PROBLEM TO WORK ON ▸ The task calls for the lines below from the line with "Melamine Ware White" to the line with "a 3d 1 bedroom", both ends included, copied exactly, without any pictures.

RECORDS TO PROCESS ▸
******

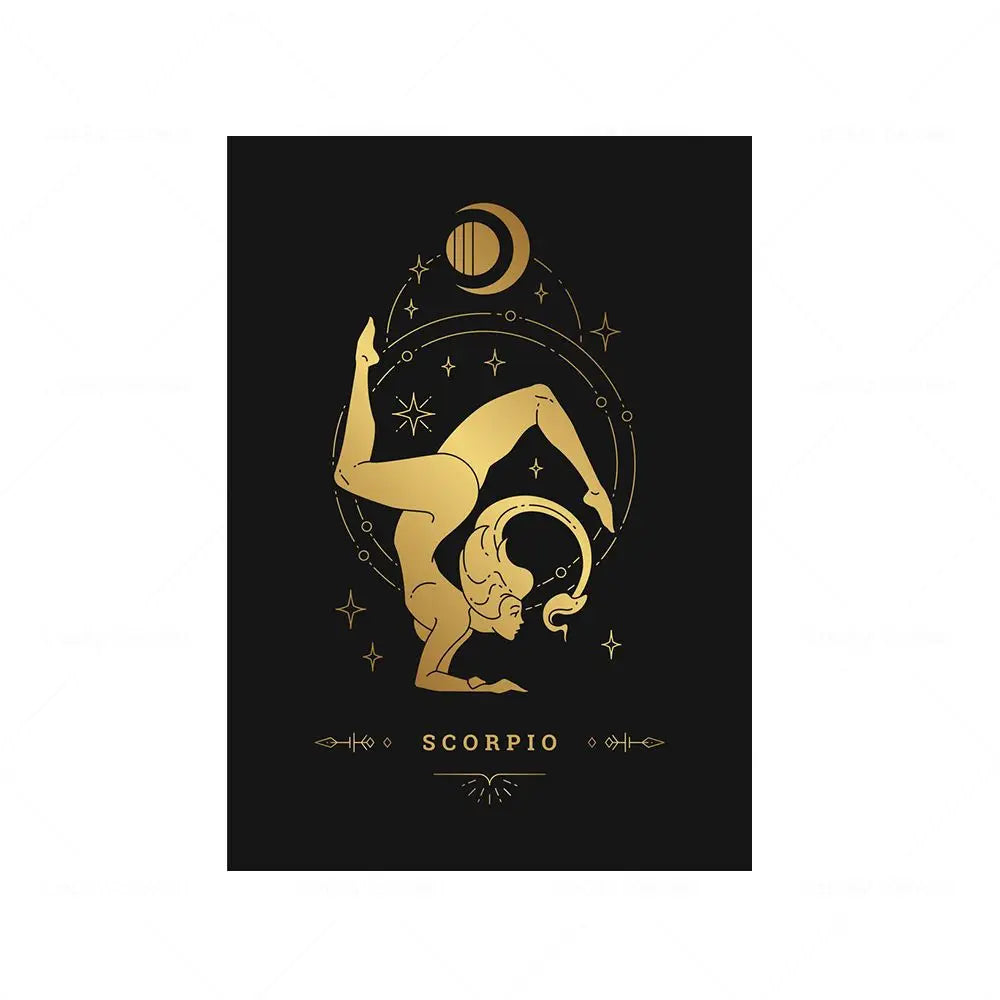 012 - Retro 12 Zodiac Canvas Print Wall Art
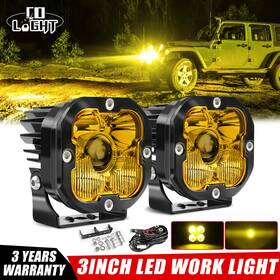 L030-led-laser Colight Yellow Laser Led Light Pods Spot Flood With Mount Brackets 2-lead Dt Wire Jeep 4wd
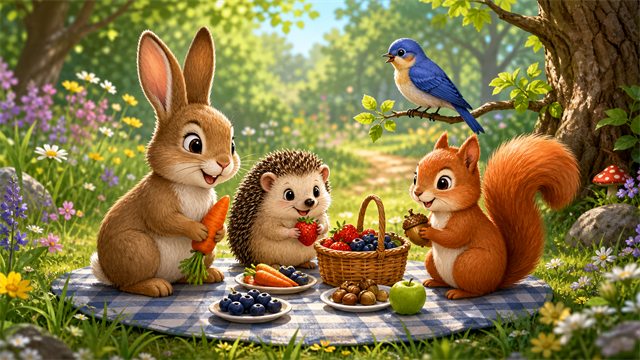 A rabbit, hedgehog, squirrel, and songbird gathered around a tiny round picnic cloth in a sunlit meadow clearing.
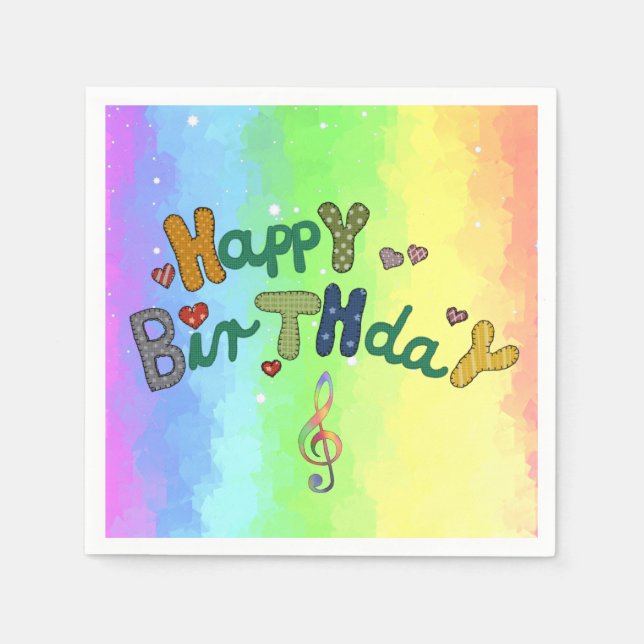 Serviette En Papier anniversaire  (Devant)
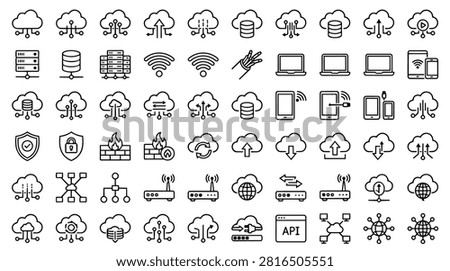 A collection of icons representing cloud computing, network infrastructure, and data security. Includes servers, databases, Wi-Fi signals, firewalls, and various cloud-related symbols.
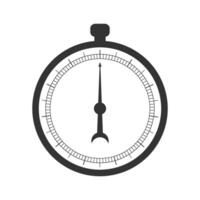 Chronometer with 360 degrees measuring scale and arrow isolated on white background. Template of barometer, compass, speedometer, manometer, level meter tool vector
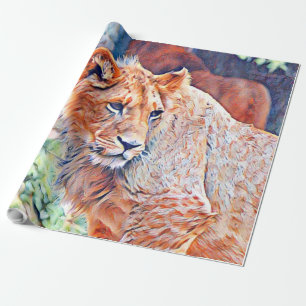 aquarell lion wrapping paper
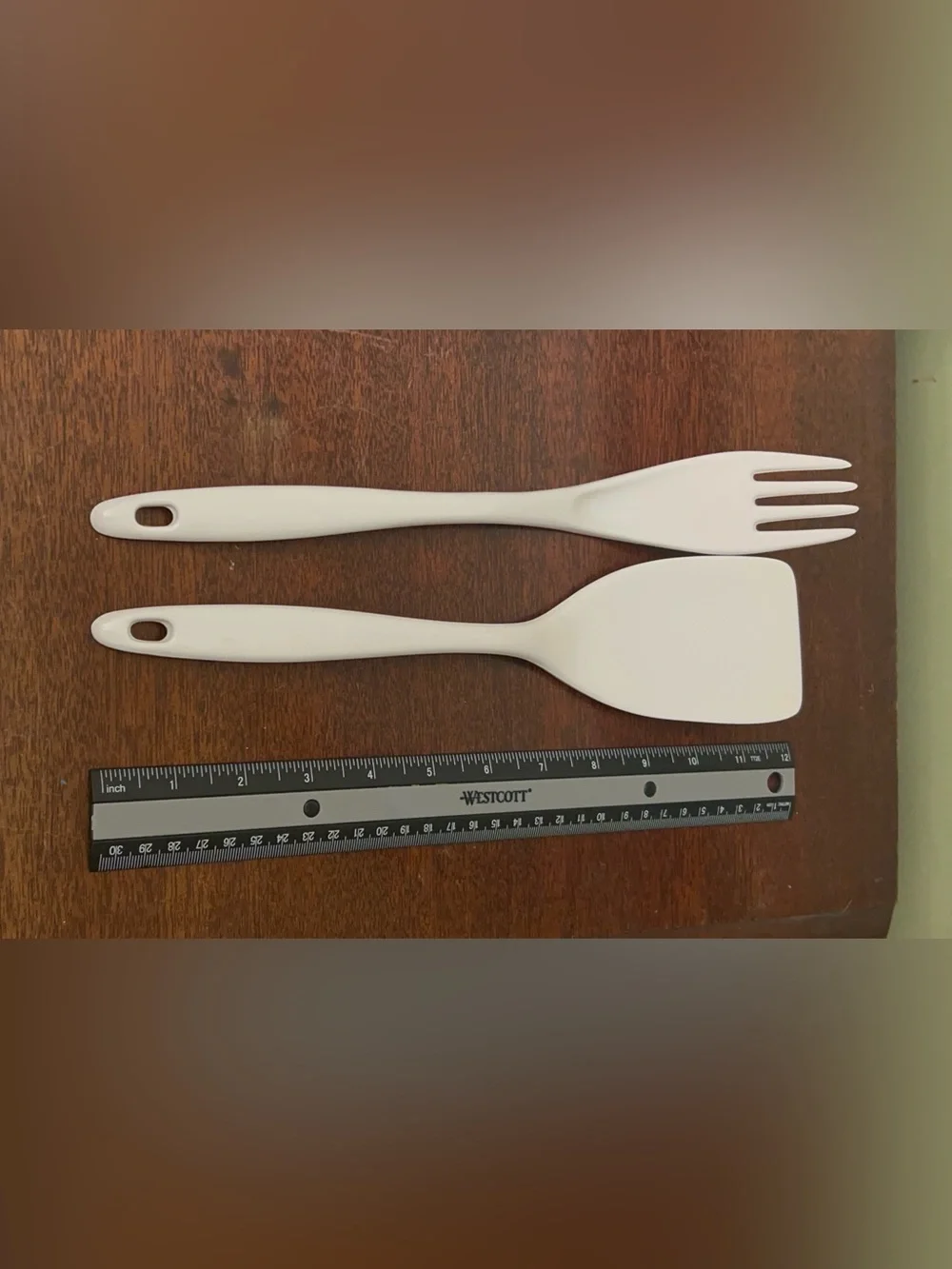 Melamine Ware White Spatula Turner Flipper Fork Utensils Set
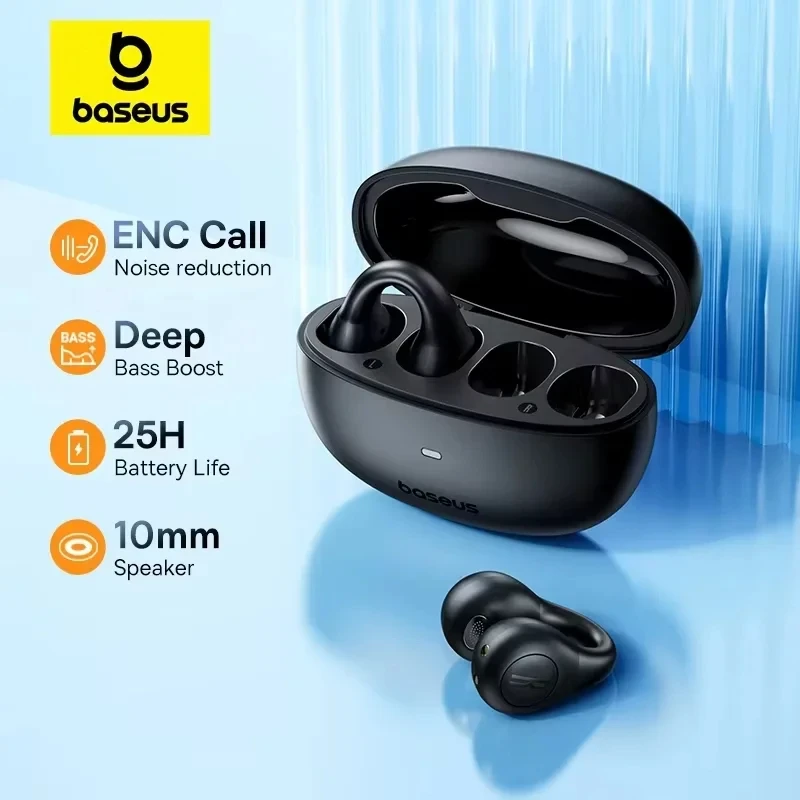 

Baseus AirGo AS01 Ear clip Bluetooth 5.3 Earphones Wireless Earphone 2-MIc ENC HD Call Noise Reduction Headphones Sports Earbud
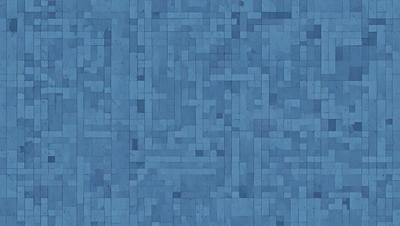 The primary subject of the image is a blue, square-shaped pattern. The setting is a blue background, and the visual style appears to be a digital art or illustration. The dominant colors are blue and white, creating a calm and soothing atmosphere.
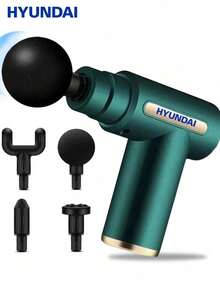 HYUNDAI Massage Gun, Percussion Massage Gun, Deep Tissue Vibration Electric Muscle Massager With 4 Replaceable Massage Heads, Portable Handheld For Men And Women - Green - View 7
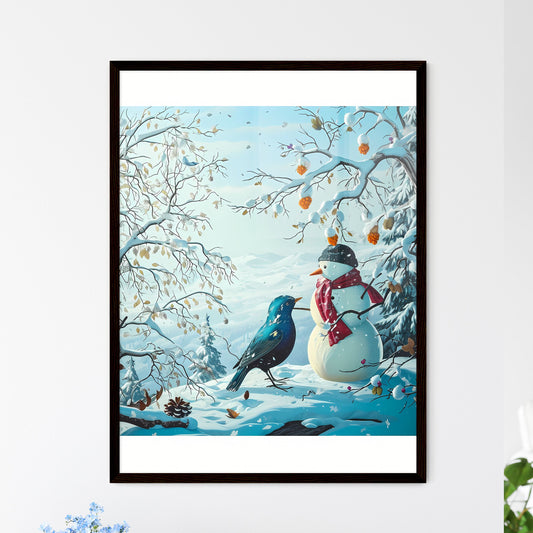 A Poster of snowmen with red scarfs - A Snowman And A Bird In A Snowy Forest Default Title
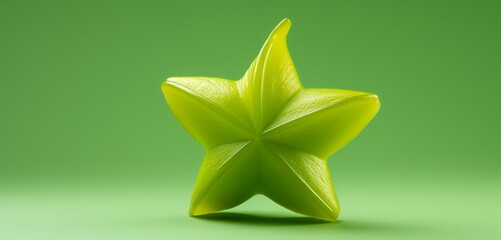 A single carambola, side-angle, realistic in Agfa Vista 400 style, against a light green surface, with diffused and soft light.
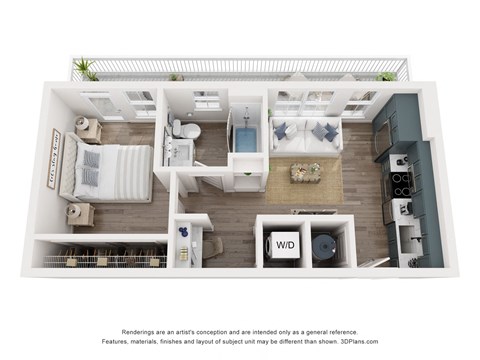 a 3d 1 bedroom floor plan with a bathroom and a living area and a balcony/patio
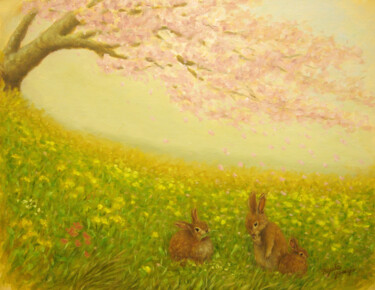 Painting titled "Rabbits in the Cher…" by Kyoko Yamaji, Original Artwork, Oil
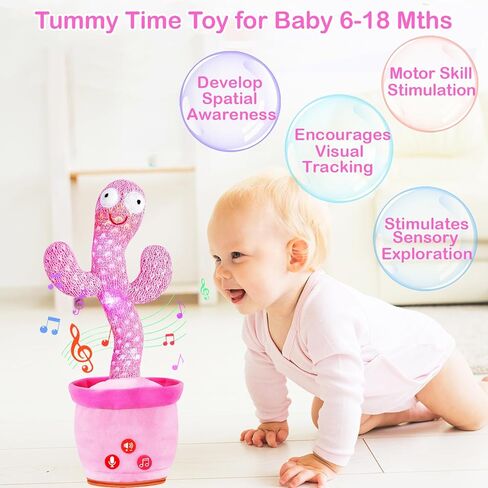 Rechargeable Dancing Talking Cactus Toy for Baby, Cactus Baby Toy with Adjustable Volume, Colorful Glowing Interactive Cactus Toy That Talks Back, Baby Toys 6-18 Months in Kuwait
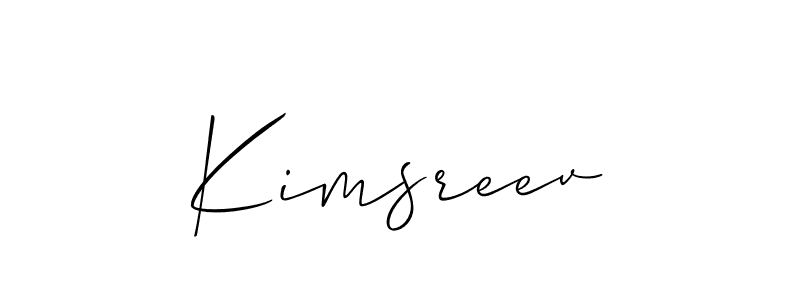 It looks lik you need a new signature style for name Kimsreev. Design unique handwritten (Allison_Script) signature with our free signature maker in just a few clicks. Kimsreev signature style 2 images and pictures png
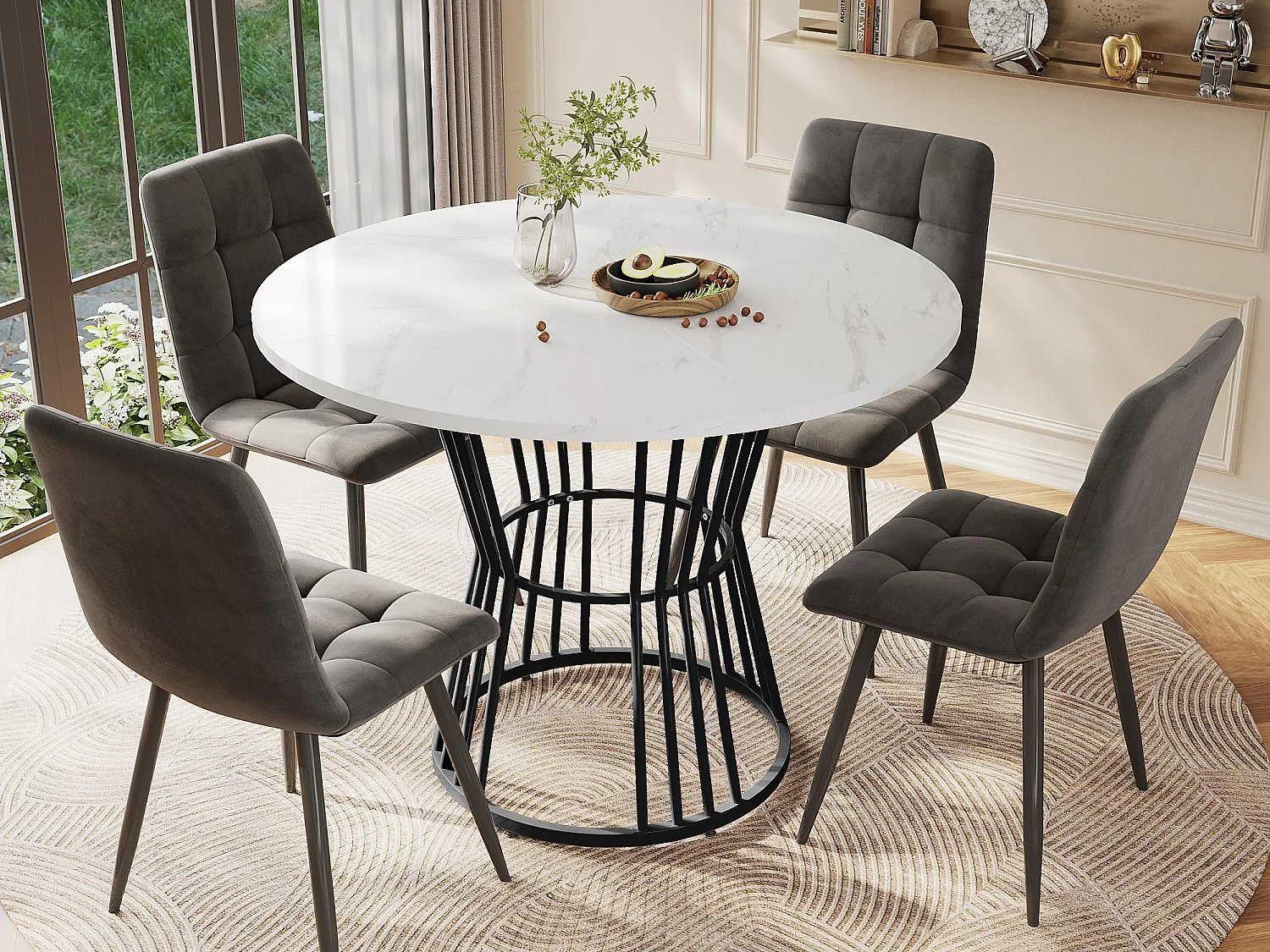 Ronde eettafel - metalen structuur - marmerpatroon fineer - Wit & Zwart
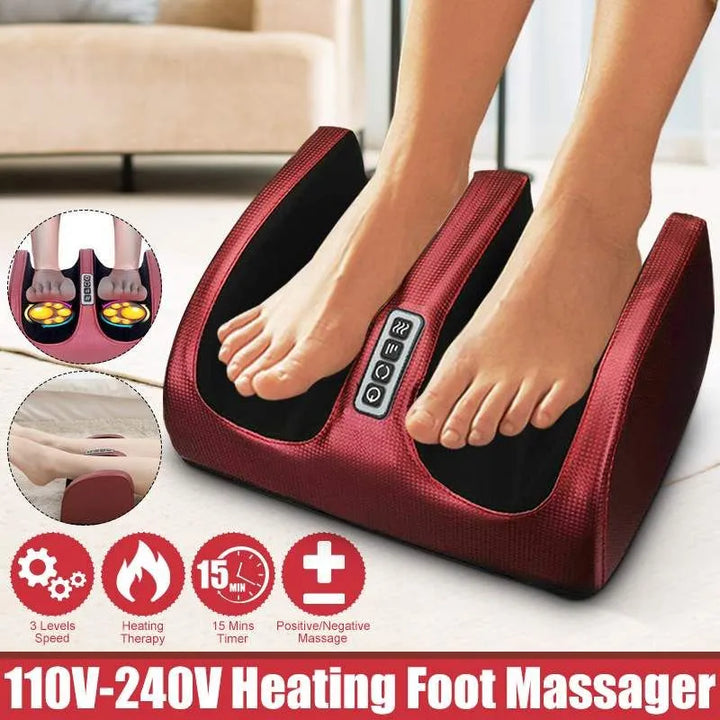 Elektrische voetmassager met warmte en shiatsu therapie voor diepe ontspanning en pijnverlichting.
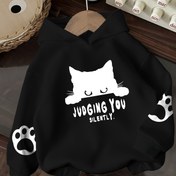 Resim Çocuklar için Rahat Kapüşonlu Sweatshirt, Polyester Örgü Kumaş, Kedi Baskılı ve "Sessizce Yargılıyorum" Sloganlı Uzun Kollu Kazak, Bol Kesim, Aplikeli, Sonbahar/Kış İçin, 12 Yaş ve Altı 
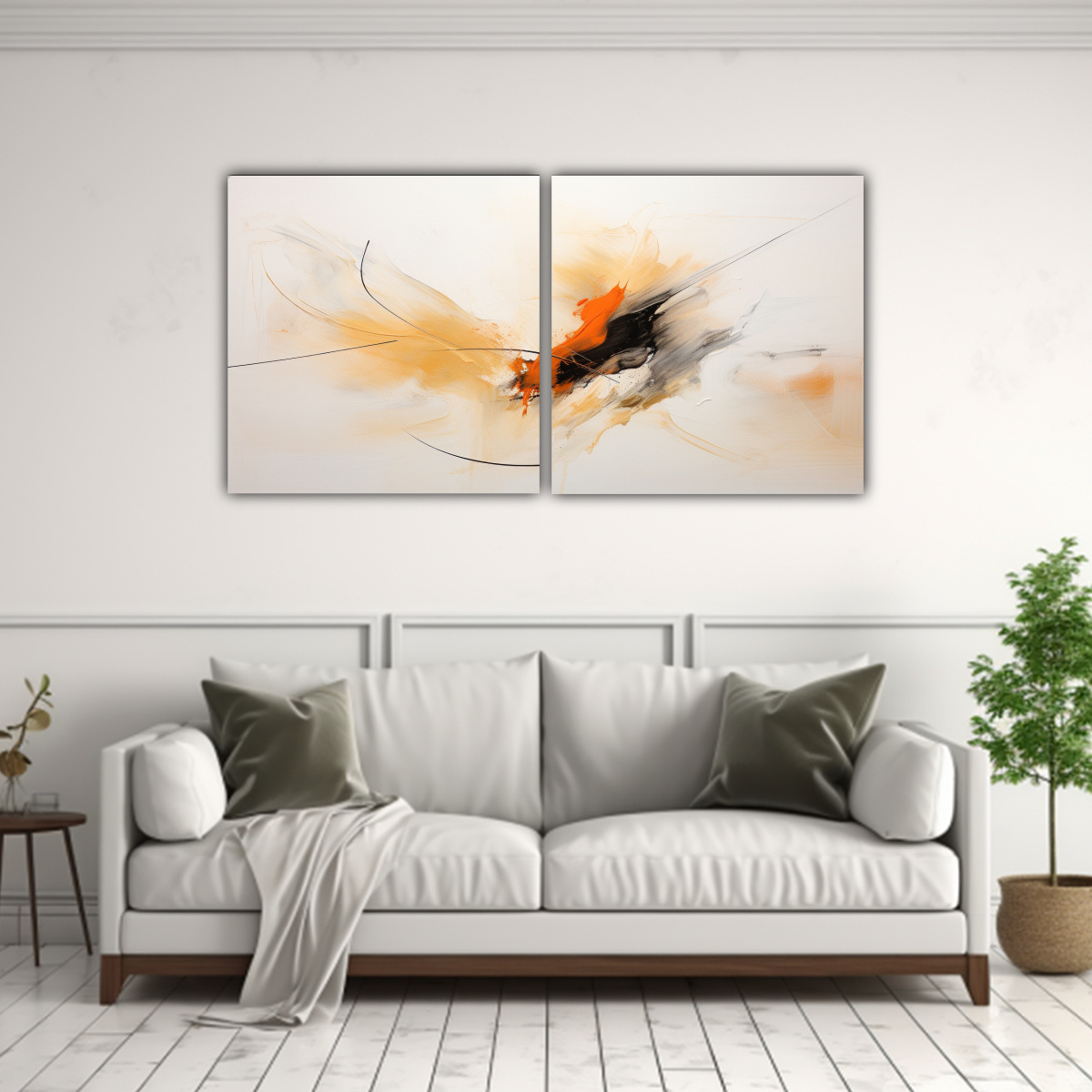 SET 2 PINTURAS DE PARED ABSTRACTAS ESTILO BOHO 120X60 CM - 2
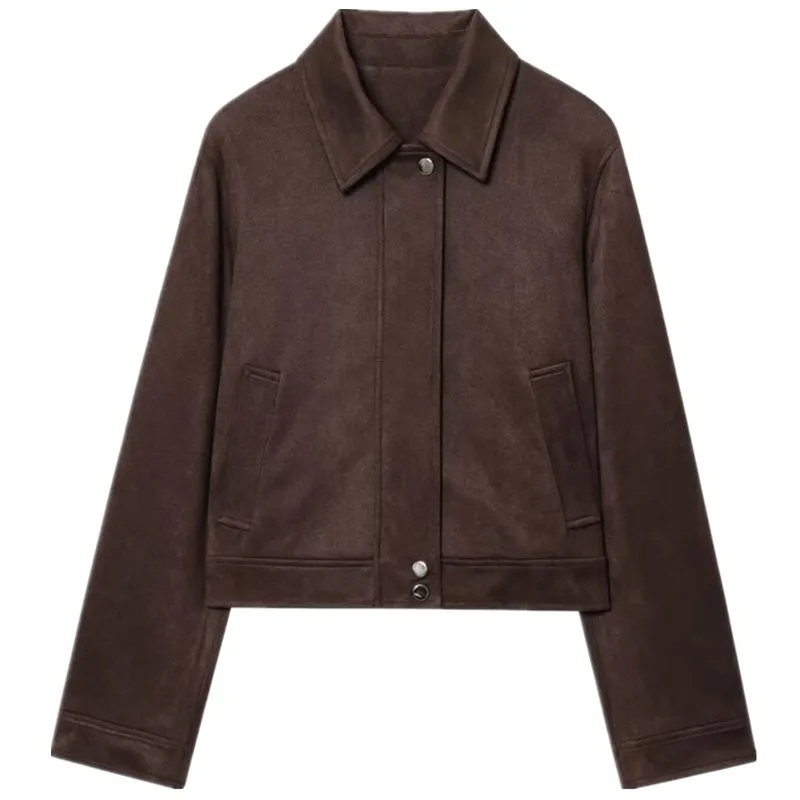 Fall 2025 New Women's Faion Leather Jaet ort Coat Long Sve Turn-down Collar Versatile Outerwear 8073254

******

ANSWER FOR THE TASK ▸
 Melamine Ware White Spatula Turner Flipper Fork Utensils Set

Baseus AirGo AS01 Ear clip Bluetooth 5.3 Earphones Wireless Earphone 2-MIc ENC HD Call Noise Reduction Headphones Sports Earbud
 The primary subject of the image is a blue, square-shaped pattern. The setting is a blue background, and the visual style appears to be a digital art or illustration. The dominant colors are blue and white, creating a calm and soothing atmosphere.
 HYUNDAI Massage Gun, Percussion Massage Gun, Deep Tissue Vibration Electric Muscle Massager With 4 Replaceable Massage Heads, Portable Handheld For Men And Women - Green - View 7
 A Poster of snowmen with red scarfs - A Snowman And A Bird In A Snowy Forest Default Title
 A single carambola, side-angle, realistic in Agfa Vista 400 style, against a light green surface, with diffused and soft light.
 a 3d 1 bedroom floor plan with a bathroom and a living area and a balcony/patio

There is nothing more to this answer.